Au général Hugo.

Ce samedi, 15 mars 1823.

Mon cher papa,

Je suis dans un grand embarras ; je m’adresse à toi, sûr que tu me fourniras le moyen d’en sortir.

J’ai entre les mains un billet à ordre de 500 francs sur mon libraire qui devait être acquitté le 11 février dernier. À cette époque, extrêmement gêné par la stagnation du commerce au milieu des bruits de guerre, mon libraire me supplia d’accepter un acompte de 200 francs, et de ne point user de la faculté que me donne la loi de faire protester mon billet, démarche qui eût pu ruiner son crédit. Avec l’assentiment de M. Foucher, auquel devaient être remis les 500 francs, je consentis à cet arrangement, dans l’assurance que le paiement des 300 francs restants aurait lieu dans le mois.

Depuis cette époque, l’embarras du crédit augmentant sans cesse n’a pas permis à mon libraire de retirer son billet.
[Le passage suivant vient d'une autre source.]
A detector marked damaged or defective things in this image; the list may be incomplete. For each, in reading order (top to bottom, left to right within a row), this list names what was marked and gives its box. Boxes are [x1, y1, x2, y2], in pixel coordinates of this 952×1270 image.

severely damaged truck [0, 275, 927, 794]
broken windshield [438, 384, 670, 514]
J’ai attendu aussi longtemps que j’ai pu ; mais aujourd’hui M. Foucher étant absolument sans argent j’ai essayé en vain de faire escompter le malheureux billet. Ce qui aurait été facile il y a trois mois est impossible aujourd’hui, la crainte ayant absolument resserré les capitaux. Je ne vois donc plus de recours qu’en toi, mon cher papa, je te prie de m’envoyer le plus tôt possible les 300 francs que mon libraire ne pourra peut-être pas me rembourser d’ici un ou deux mois, mais pour lesquels on n’aura pas moins une garantie suffisante dans le billet de 500 francs qui dort entre mes mains. Si tu n’avais pas cette somme, ne pourrais-tu me la faire avancer par M. Katzenberger. Je ne t’en dis pas davantage, cher papa, j’attends une prompte réponse comme une planche de salut dans l’embarras où nous nous trouvons.
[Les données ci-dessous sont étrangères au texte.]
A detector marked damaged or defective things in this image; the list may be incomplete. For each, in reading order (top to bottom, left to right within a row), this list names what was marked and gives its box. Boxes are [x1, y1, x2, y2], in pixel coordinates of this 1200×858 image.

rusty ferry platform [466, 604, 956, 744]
Je déposerais le billet entre les mains de M. Katzenberger qui ainsi pourrait être tranquille. Je ne voudrais pas en venir à des poursuites judiciaires contre le pauvre libraire dont je ne suspecte pas la probité.
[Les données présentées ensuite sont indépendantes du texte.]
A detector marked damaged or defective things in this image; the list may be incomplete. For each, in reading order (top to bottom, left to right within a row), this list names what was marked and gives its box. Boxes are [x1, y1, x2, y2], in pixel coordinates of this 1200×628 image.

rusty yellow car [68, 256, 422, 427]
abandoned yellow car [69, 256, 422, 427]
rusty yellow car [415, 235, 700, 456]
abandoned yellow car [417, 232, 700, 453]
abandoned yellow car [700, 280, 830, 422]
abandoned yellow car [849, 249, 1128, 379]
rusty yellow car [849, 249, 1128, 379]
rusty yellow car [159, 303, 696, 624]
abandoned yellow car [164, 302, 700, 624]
Adieu, cher et excellent papa, embrasse notre Eugène qui a écrit une lettre extrêmement remarquable à Félix Biscarrat et présente nos respects à notre belle-mère, en lui disant combien nous sommes touchés des soins qu’elle prend de notre frère.

Mon Adèle t’embrasse et moi aussi.

Ton fils soumis et respectueux,

Victor.

Ce samedi, 15 mars.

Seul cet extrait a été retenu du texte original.